**REQUIREMENT**
If pictures appear among the lines below, leave them out while you return exactly the lines from the one with "I hope this" through the one with "You can see".

**DATA SUPPLIED**

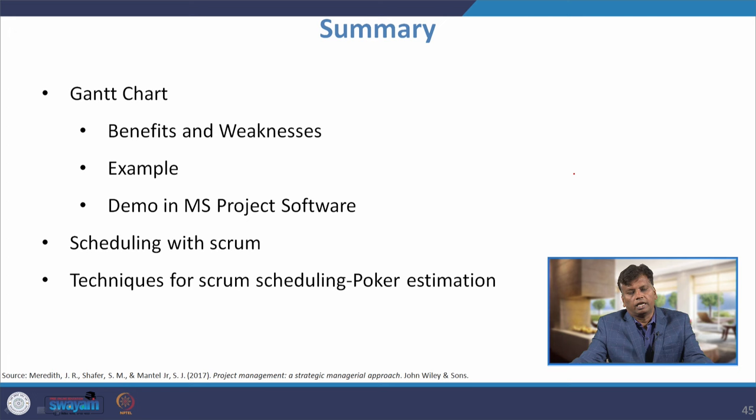In this lecture, I have discussed the Gantt chart and explained its benefits and weaknesses. I demonstrated how to construct a Gantt chart and gave a demo for two sample problems using MS Project. I also explained the important points in scheduling with Scrum, its various features, and one key technique for Scrum scheduling called poker estimation. Thank you.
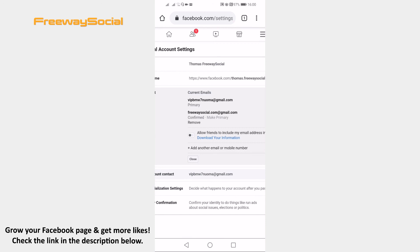I hope this guide was helpful and you were able to change primary email address on your Facebook profile. Don't forget to like this video and visit us at FreewaySocial.com.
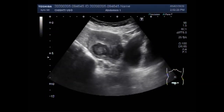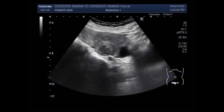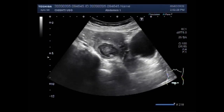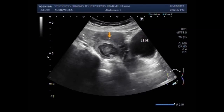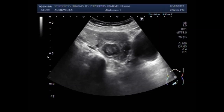You can see the uterus, urinary bladder, and this is the uterus. This is the urinary bladder, this one is the uterus, and this is the fibroid — the mass in the middle portion of the uterus near the posterior wall.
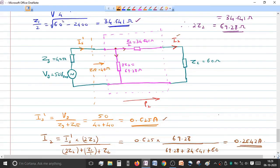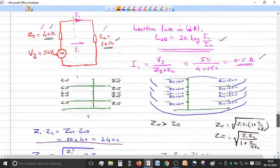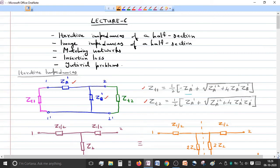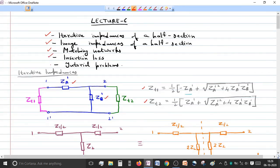So with that we conclude lecture number 6. In this lecture we saw the iterative impedances and image impedances of half sections, what matching networks are and how to match two networks having unequal impedances using a matching network, and the insertion loss that occurs when inserting such a network. In the next lecture we will move on to attenuators, covering various types of symmetrical as well as asymmetrical attenuators. Thank you.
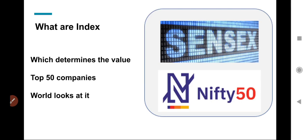Yahan tak clear hai aapko. Hum agle videos mein batayenge ki investors ki styles kaisi hoti hain.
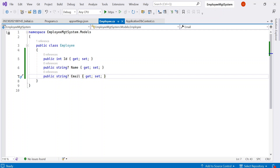That is how we create a database in ASP.NET Core. That's all from my side. If this video helped you, kindly subscribe to the channel. Thank you very much, take care!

**EXPECTED ANSWER**
I hope this guide was helpful and you were able to change primary email address on your Facebook profile. Don't forget to like this video and visit us at FreewaySocial.com.
You can see the uterus, urinary bladder, and this is the uterus. This is the urinary bladder, this one is the uterus, and this is the fibroid — the mass in the middle portion of the uterus near the posterior wall.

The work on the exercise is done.